On the Education & Careers channel, DrugMonkey shares his thoughts on a subject that's drawn a lot of recent controversy, in Animals in Research: IACUC Oversight. While the IACUC as a body has the legal responsibility of overseeing animal welfare in research institutions, DrugMonkey insists that each and every person who works with animals is also ethically obligated to report incidents of negligent or cruel animal treatment.

Reader Isis the Scientist appreciated his message:

rugMonkey, I have been humbled a bit this week. A few weeks ago I posted about what a pain it was to have to go through all of thee animal welfare classes. I have always considered myself to be a careful animal user and felt like I was being hassled.

Then this past week I spent some time with some graduate student who are not my own and found myself stepping in on a number of occasions to correct them in their handling and euthanasia technique. These kids weren't bad folks...they just didn't know better. It really reminded me that what I take for granted in my own practice is not necessarily standard and the only way we can guarantee the ethical treatment of animals is to keep educating everyone. At at that point I told myself, "Dr. Isis, stop complianing about IACUC school." I think I will be a more eager advocate...and perhaps this warrants a blog post.

On the Politics channel, Ed Brayton takes issue with John McCain's Political Chutzpah. The presidential nominee's negative campaign ads criticize Barack Obama for his supposed "celebrity" and try to paint McCain as the humbler candidate, but Ed points out the ads' hyprocrisy:

Put out by a man whose net worth is more than $20 million and who owns 8 homes, which is about 20 times that of the opponent he is attacking. Gee, times are sure tough for McCain.

Reader Michael is more concerned as to why Obama's popularity is depicted as a negative in the first place:

Well, since popularity is now a very bad thing, I think that means that our current President is currently the GREATEST EVER due to his historic unpopularity.

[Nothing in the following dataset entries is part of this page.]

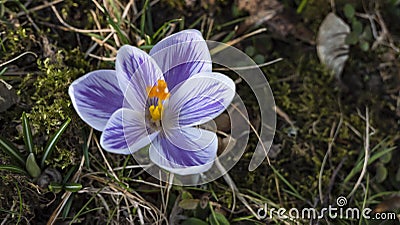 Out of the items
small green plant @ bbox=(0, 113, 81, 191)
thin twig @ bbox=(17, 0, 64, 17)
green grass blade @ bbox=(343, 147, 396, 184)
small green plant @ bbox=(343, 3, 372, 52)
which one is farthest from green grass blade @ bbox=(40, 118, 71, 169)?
small green plant @ bbox=(343, 3, 372, 52)

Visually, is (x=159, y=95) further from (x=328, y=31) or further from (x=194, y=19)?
(x=328, y=31)

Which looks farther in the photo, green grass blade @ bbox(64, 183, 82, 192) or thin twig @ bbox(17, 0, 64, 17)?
thin twig @ bbox(17, 0, 64, 17)

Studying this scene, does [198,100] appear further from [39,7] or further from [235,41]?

What a guy!

Some other Education & Careers posts we thought were cool this week were:

I Love My Job

Women, Part 1

Incentives for future science teachers?

PBS: The Most Trusted Source in Science?

Disharmonic convergences: Home Chemistry Hobbyist Shut Down in Massachusetts.

And from the Politics channel:

Encryption, Privacy, and You

So bad only he can change a lifelong political orientation

The Need For Scientific Study of Doping

Things we're apparently tired of

Should This Blog Boycott the Olympics?


Look for highlights from other channels coming up!

Comments

"DrugMonkey insists that each and every person who works with animals is also ethically obligated to report incidents of negligent or cruel animal treatment"

Well, duh. Everyone, in or out of a lab, is ethically *and legally* obligated to report such, for exactly the same reson that you are also obligated to report it if you watch a mugging or a carjacking: not doing so makes you an accessory after the fact.

In general, every person in a civilised society is obliged to uphold the law as far as they are able, and that ceratinly means - at the very least - reporting it when you see something illegal take place.
There's nothing about this that's specific to animal research.